India much after Gandhi: Reading Guha and Mishra
Reading Ramachandra Guha's India after Gandhi and Pankaj Mishra's Temptations of the West. This was rather by accident, but they make good reading side-by-side.
While Guha seems, at least so far, to be quite optimistic of the strength of Indian democracy, reading Pankaj Mishra's Temptations of the West one is left with no illusions about Indian reality of democracy. Mishra is a journalist with a keen eye and a sensibility worthy of a poet. In contrast to the Doon-school,
IIM-educated Bangalorean Guha, Mishra was born in Jhansi, grew up in small-town North India, went to school in Allahabad and spent his youth in Benares. He comes from a different milieu than Guha and correspondingly his views are darker, and I would like to think closer-to-the-ground than the firmly-grounded academic historian. The rest of the book moves on further into the rest of South Asia (more on that later), but the Indian themes, or axes as Guha calls, are pretty much the same - caste-based politics, regionalism, proto-fascist Hindutva, being Muslim in India and others.
I haven't finished reading either book and it would be premature to make a final judgement. One thing is clear that issues raging in the country today were pretty much the same in 1950. While some progress has been made, but much of the tribal population and rest of India lives in a feudal time. This sort of reality is hard to imagine from the eyes of an urban Punekar, now deracinated expat. One hopes that books help us bridge that distance.
I write this at a time when Anna Hazare's strike has just been called off after the government has acceded to his some of Team Anna's demands. The whole affair right or wrong, undoubtably signals the failure of constitutional democracy. Indeed, as Guha's book informs us that Ambedkar, the architect of the constitution, warned that Indians in Free India needed to abjure from Gandhian methods of fasts, hartals, picketing, and the like and use constitutional methods to achieve their ends. Of course, such methods have been mostly ineffective in the last 60 years. It may seem like a Quixotic idea to external observers that citizens need to move heaven and earth just to make elected representatives just accountable: meaning making them do their job.
Meanwhile I seek refuge in books.
Reality melts away.
2 comments:
Hey,I am also currently reading Guha's book. I have so far covered Part one. I am struck by the brilliance with which he has written about the times then and his admiration for Nehru seems to have created a soft corner in me for him.
However, I disagree with your statement that "issues India facing now and then are more or less the same".
Still, give me some time let me go along with Guha for some more time and then I will be able to take a concrete stand on it.
Meanwhile, I have been sharing my experiences of reading Guha's book on my blog.

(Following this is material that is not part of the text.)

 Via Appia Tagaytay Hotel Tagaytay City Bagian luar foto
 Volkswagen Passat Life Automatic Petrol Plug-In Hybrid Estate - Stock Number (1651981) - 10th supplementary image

Do read it and leave a comment!
www.moversndshakers.blogspot.com
@RG
I have not finished reading the book either, but my statement was taking in account Pankaj Mishra's account which is anecdotal and less scholarly, but provides a more contemporary context. The simple fact that caste/religion plays such an important (if not less) important role in politics underscores the point that despite our purported secularism - we have long ways to go to make merit the most important criterion.